Né le 23 août 1924, originaire du quartier de Brooklyn à New York et aîné d’une fratrie de trois enfants, il a grandi au sein d’une famille d’immigrants juifs russes. Après avoir obtenu une bourse à Harvard, en 1940, il étudie d’abord la sociologie et l’anthropologie. Appelé sous les drapeaux, il fait ensuite une pause dans ses études, servant comme soldat pendant trois ans jusqu’à la fin de la Seconde Guerre mondiale. De retour sur le campus, il choisit de se consacrer à l’économie, sur les conseils de sa jeune épouse Barbara Lewis, historienne de l’économie – avec laquelle il restera marié plus de 65 ans et aura deux enfants – et décroche sa thèse en 1951.

Tout au long de sa carrière, Solow s’est distingué par ses travaux académiques mais aussi par son engagement politique, conseillant des gouvernements dont celui de John Fitzgerald Kennedy, et des organisations internationales. Enfant de la Grande Dépression, il croyait dur comme fer au rôle des pouvoirs publics dans la protection des citoyens contre les crises économiques. Au début des années 2000, il a cofondé la Manpower Demonstration Research Corporation, un groupe de recherche à but non lucratif, pionnier des études visant à évaluer l’efficacité des politiques d’emploi pour les jeunes décrocheurs, les mères isolées et autres publics vulnérables.

Le keynésien était aussi reconnu pour sa vivacité et son humour subtil, tant par ses élèves, que par ses amis.

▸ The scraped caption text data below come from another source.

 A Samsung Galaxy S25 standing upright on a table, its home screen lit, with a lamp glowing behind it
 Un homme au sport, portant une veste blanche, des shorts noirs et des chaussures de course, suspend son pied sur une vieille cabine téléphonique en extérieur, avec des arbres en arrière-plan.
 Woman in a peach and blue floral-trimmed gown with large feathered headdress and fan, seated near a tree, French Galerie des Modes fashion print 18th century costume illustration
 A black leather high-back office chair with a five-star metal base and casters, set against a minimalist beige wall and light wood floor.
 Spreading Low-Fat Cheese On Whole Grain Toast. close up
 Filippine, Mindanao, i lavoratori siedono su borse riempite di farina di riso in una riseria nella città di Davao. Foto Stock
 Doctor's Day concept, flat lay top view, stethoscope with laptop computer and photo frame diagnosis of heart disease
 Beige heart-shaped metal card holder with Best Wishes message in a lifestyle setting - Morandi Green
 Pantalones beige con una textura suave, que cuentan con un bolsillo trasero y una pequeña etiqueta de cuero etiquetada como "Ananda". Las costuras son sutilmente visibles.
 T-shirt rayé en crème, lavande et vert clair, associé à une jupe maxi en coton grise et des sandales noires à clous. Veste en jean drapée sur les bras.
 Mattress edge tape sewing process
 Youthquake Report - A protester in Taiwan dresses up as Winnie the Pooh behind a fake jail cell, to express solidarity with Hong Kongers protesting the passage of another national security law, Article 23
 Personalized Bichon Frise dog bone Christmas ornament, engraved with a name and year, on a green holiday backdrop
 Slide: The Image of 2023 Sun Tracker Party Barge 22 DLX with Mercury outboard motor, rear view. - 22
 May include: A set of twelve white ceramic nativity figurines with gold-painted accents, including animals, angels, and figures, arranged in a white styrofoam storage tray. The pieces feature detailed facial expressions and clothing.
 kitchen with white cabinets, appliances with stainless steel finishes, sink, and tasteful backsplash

De nombreux anciens étudiants lui ont rendu hommage sur les réseaux sociaux, décrivant un «géant absolu de l’économie», «un homme à la personnalité fascinante», «empreint de charme et attachant.»

«Bob Solow était brillant, généreux et aussi hilarant, a réagi Austan Goolsbee, actuel président de la Banque fédérale de réserve de Chicago. Bien qu’approchant de la retraite, il enseignait encore lors de ma première année et était absolument génial. Il était la personne que tous les étudiants voulaient être en grandissant. Sa profonde sagesse et son humour nous manqueront tous. Au revoir mon vieil ami.»

En dehors de son travail, l’économiste était aussi un amateur de jazz passionné. On raconte qu’il a souvent utilisé des métaphores musicales pour expliquer ses idées économiques, ajoutant une touche unique à ses conférences.

Robert Solow entretenait aussi un lien avec la France. En 2000, il a fondé, avec l’homme d’affaires Jean-Louis Beffa et l’économiste Robert Boyer le centre Saint-Gobain pour la recherche en économie, connu aujourd’hui comme le centre Cournot. Dans une tribune publiée dans le journal Le Monde en avril 2017, il faisait partie des vingt-cinq prix Nobel d’économie à dénoncer le programme antieuropéen de Marine Le Pen pour l’élection présidentielle.